Generate and store metrics data
Important
Some or all of this functionality is available as part of a preview release. The content and the functionality are subject to change.
After the aggregate table generates, you can run the computation logic (aggregation or calculation) defined in the metric definition on top of the aggregate table dataset to generate the metric output data.
The computation logic of a metric is defined with:
Power BI measures: Contains computation logic in form of Data Analysis Expressions (DAX) formula language. Power BI measures are defined in the DatasetForMetricsMeasures_DTST prebuilt semantic model deployed as part of the capability. To learn more about Power BI measures, go to Create measures for data analysis in Power BI Desktop in the Power BI documentation.
Dimensions: Specifies the dimensions/columns required in the metric output. These dimensions can be from aggregate tables or the calculated tables in the DatasetForMetricsMeasures_DTST semantic model.
Filters: Specifies the values from the aggregate table dimensions that need to be filtered.
a sample prebuilt metric Scope 3 category wise emissions (GHG protocol).
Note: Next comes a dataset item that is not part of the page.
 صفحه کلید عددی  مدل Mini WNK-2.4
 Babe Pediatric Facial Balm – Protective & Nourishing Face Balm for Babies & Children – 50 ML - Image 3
Following is the metric definition of this metric from the metrics_definitions_config.json file:
{
"metric_name": "Scope 3 GHG emissions by category (GHG Protocol)",
"measure_name": "Emissions",
"dimensions": [
"EmissionsAggregate[EmissionSource]",
"EmissionsAggregate[UnitOfMeasureName]",
"EmissionsAggregate[ReportingPeriod]"
],
"filters": {
"EmissionsAggregate[isRolledUp]": [
"False"
],
"EmissionsAggregate[Scope]": [
"Scope 3"
],
"EmissionsAggregate[AccountingMethod]": [
"Location based",
null
],
"EmissionsAggregate[UnitOfMeasureName]": [
"mtCO2e"
]
},
"sustainability_area": "Climate Change",
"labels": {
"Reporting standard": [
"CSRD"
],
"Disclosure datapoint": [
"E1-6_04"
]
}
}
Based on the metric definition, the metric output consists of:
- The columns specified as dimensions in the metric definition
- The value column that is computed by running the computation logic specified in the metric definition
For the sample metric, these output columns are:
- EmissionSource: Captures the scope 3 category name.
- Unit of measure name: Mentions the unit of measure of the emission value, such as mtCO2e.
- Reporting period: Specifies the reporting year.
- Value: Captures the emission value for a scope 3 category for a specific reporting period.
For this metric, you need to calculate the sum of the CO2eEmissionsUnits where Scope is Scope 3 and AccountingMethod is null or Location based at Emission source and Reporting period from the EmissionsAggregate table.
This calculation is performed as follows by the computation logic specified in the metric definition:
The Emissions measure performs the sum of CO2eEmissions from the EmissionsAggregate table and is defined in the DatasetForMetricsMeasures_DTST semantic model:
To view the prebuilt Power BI measures that are used to compute prebuilt metrics, following these steps:
- Open DatasetForMetricsMeasures_DTST from the workspace.
- Select Open data model.
- Select ESG_measures from the Data side panel.
If Open data model is greyed out, then navigate to Workspace setting. Open Power BI/General and turn on the Users can edit data models in the Power BI service (preview) setting.
The Dimensions measure performs the aggregation at the dimensions specified in the metric definition (reporting period), emission source, and unit of measure columns of the aggregate table. These columns form the dimensions of the metric output.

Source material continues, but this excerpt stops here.